August 25-27 time to head for home

 We travelled home along roads edged in gold listening to Simon Winchester reading one of his publications - ‘Land’. It was brilliant. And we arrived home, after a night settling the van to wait until we take to the roads again, to a glorious display of pale golden orchids. The garden survived!




Saturday, 24 August 2024

August 23-24 more of the same!

The sludge from the 'aggies'
The search for 'colour' as the water and rocks spill is fast and furious
These are the 'aggies' which wash the clay and dirt off mine tailing 


The opal fields are peppered with old trucks and parts
We were in the field most of the day on Friday with a visit to an old open cut mine which had been operating since 1911 - fascinating stuff. That was followed by a visit to a tail-out where they wash the opal dirt which they dig out of the mines looking for precious pieces (we get the remnants of these tailings to sort through for fossils). We had a little time before lunch so visited a tertiary gravel pit near Cumborah where we specked for quartz ‘jellybeans’, topaz, jasper - and basically anything we could find that took our eye. 

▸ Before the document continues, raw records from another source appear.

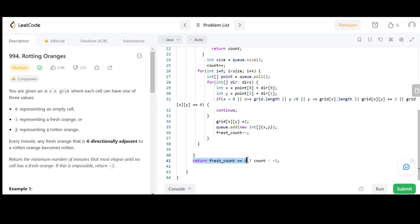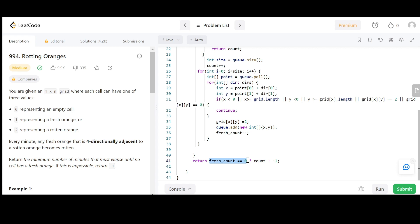If fresh count equals zero we return count, meaning all fresh oranges have been successfully rotted. Otherwise, if any fresh orange remains that could not be converted, we return minus one. Let's run this solution — the test cases are accepted, so the solution is working fine.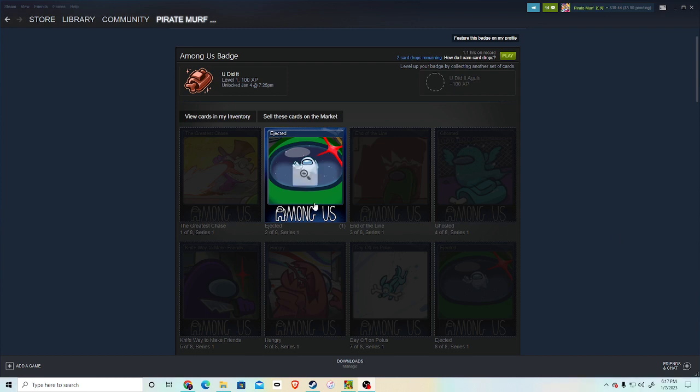Hey guys, so today I'm going to be crafting the Among Us badge on Steam and how to do it if you guys don't know how. If you do know how, you can just watch and see what I get.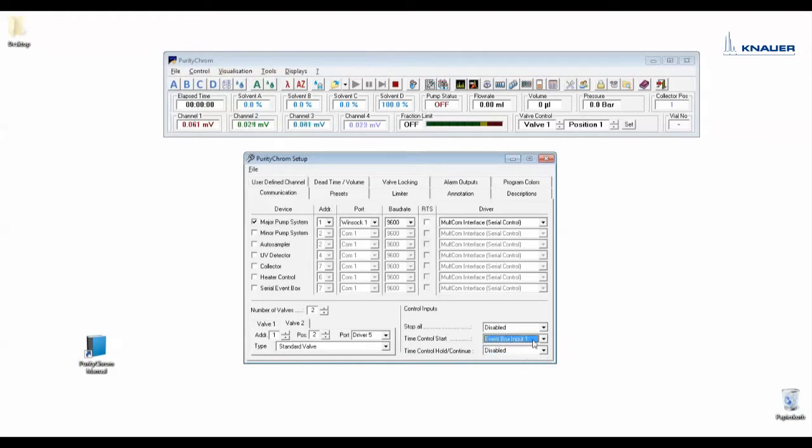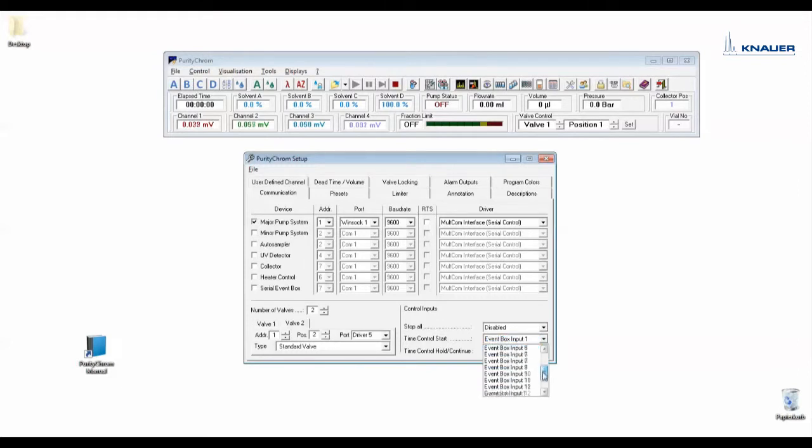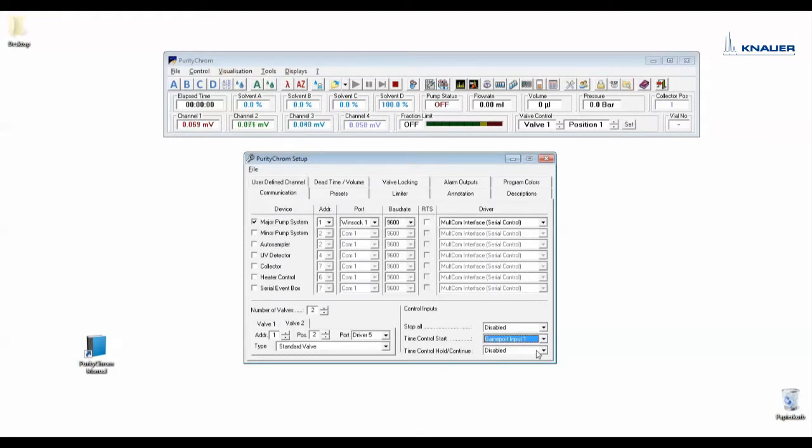And for a signal from the game port adapter you have to choose game port input 1, 2, 3, or 4. You have here the possibility to stop all depending on the signal, to start a run, or to put a run on hold.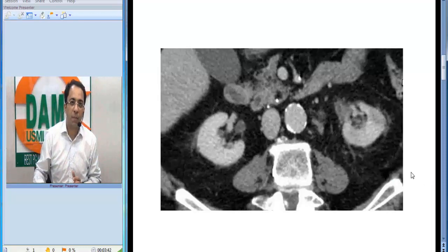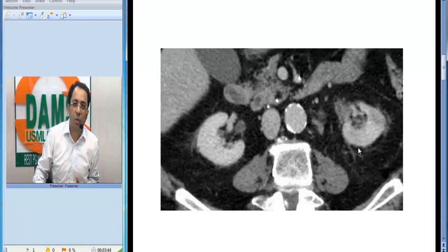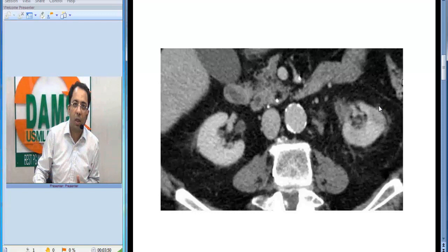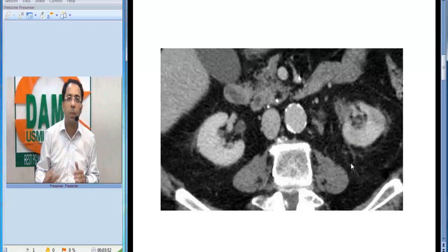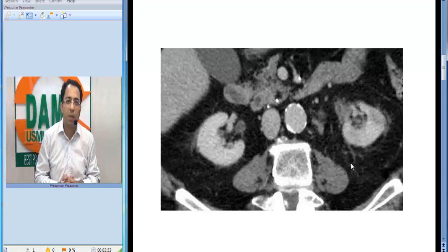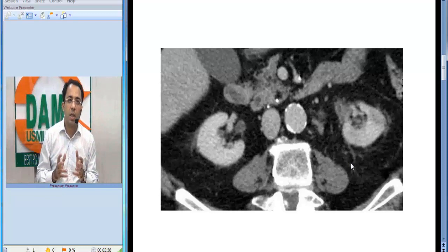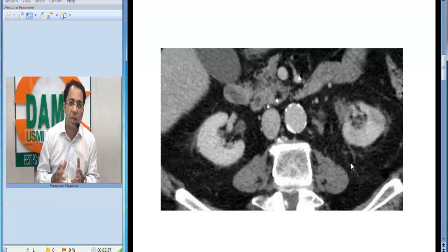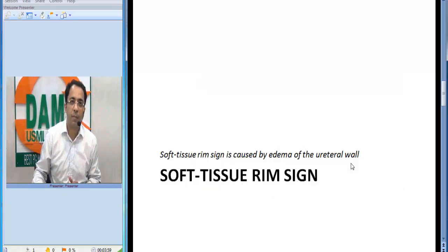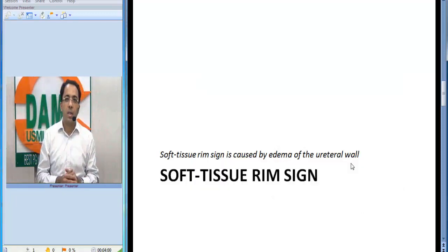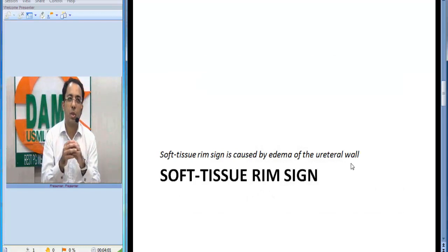Let me show you the sign. I want you to look at the kidneys and the surrounding area — can you see the surrounding area? You can see prominent perirenal septae. These are called cobwebs and are taken as a secondary sign of ureteric obstruction.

After lunch we headed out to join the group headed by palaeontologist Prof Michael Archer. Mike who was in the field with a group of graduate and undergraduate students. 
Opal mud
The day finished with an hilarious trivia quiz night. 
By Saturday morning I was pooped but we start again this morning with a walk into the building site of the new AOC home.
This 2 storey cathedral-like building will be magnificent. It will be mostly below ground, up to the top of the tunnel (centre pic) which is where people will enter.
And so the ‘dig’ ended, for us at least, with quite a collection from bones, mollusc and plant fossils to fossilised dung and worm tubes. They all add tiny pieces to the jigsaw picture of life 100 million years ago. We celebrated with opal cakes (and a farewell dinner). But we’ll be back early next year for the opening of Stage 1 of the Australian Opal Centre. It will be spectacular. 


This remarkable building emerging from the ground and insulated by the earth, will collect rainwater, generate power and be filled with light and fresh air. It will eventually house the world's greatest public collection of priceless opal and opalised fossils from the Age of Dinosaurs - it will be unique and special.


Thursday, 22 August 2024

August 20-22 delving into mines, specking in the field and time in ‘the shed’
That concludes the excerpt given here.